権利証とは、権利を取得する登記の際に発行された登記済証(登記が済んだことを証する書面)の俗称です。



権利証、権利書、登記済権利証等と呼ばれますが、正式名称としては登記済証です。



一般的には、不動産の権利を表象する大切な書類というイメージだと思います。

しかし、具体的にどのような役割を持った書類なのかということはちょっと分かりにくいと思いますので、以下説明してみたいと思います。

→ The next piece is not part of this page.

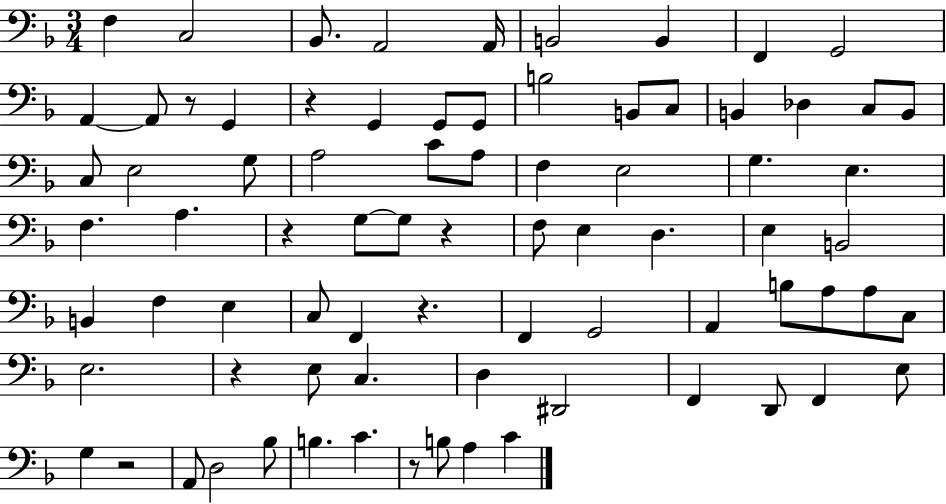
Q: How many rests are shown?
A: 8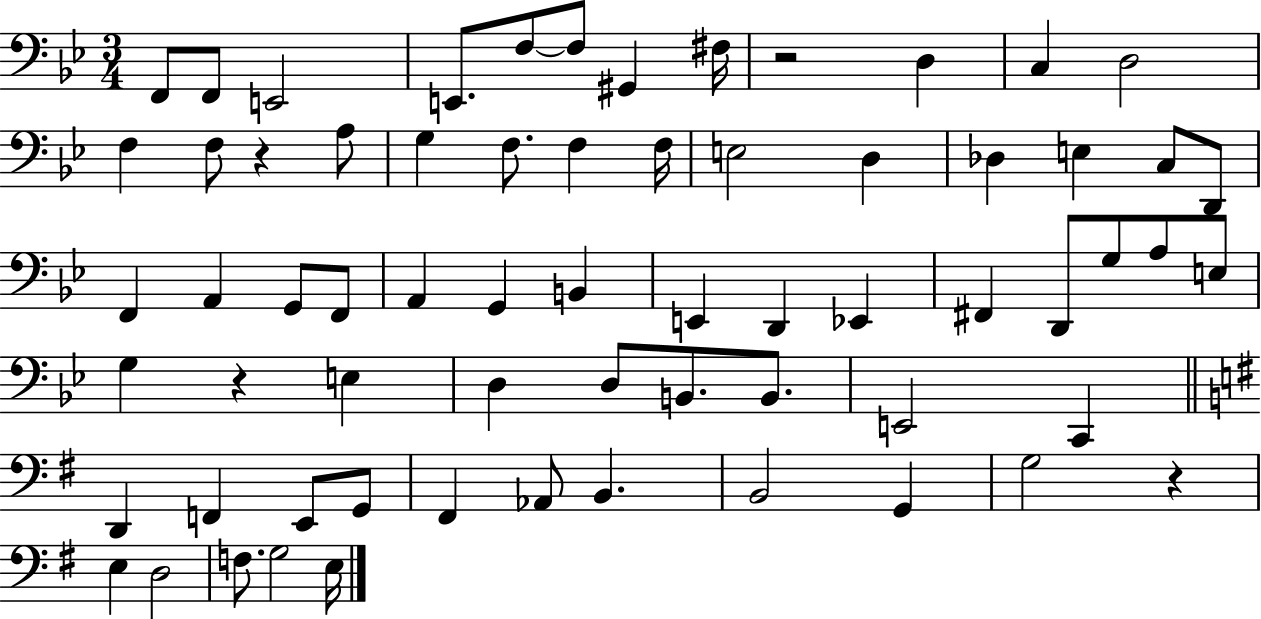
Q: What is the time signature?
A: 3/4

権利証の役割としては、売買や、抵当権の設定等、登記簿上形式的に所有者に不利益が生じる登記を申請する際の、添付書類の一つです。



売買ですと登記簿上は所有者が権利を失う、抵当権の設定ですと不動産が担保にとられるので、いずれも形式的には所有者に不利益が生じます。



そのような登記に際して、その登記が本当に所有者によるものかを確認するための資料の一つとして、権利証の添付が求められます。



権利証は一回しか発行されず、所有者しか持ち得ない書類です。

そのため、その書類が添付されていれば、法務局からすれば、その登記が所有者本人によるものだと判断することが可能です。



ものすごく噛み砕いて言うならば、登記に際してのみ使用可能な本人確認資料といったところでしょうか。

もちろん司法書士が登記の依頼を受ける際には、より細かい本人確認、意思確認をします。





なお、所有権に関する登記については、権利証の他に所有者の実印で捺印した委任状(自分で申請するなら申請書に捺印)と、印鑑証明書等の書類が必要です。





現在では、権利を取得する登記を申請した際には、権利証に代わり登記識別情報という書類が発行されるようになったので、新たに権利証が発行されることは原則として無くなりました。(既に発行された権利証は現在も有効です。)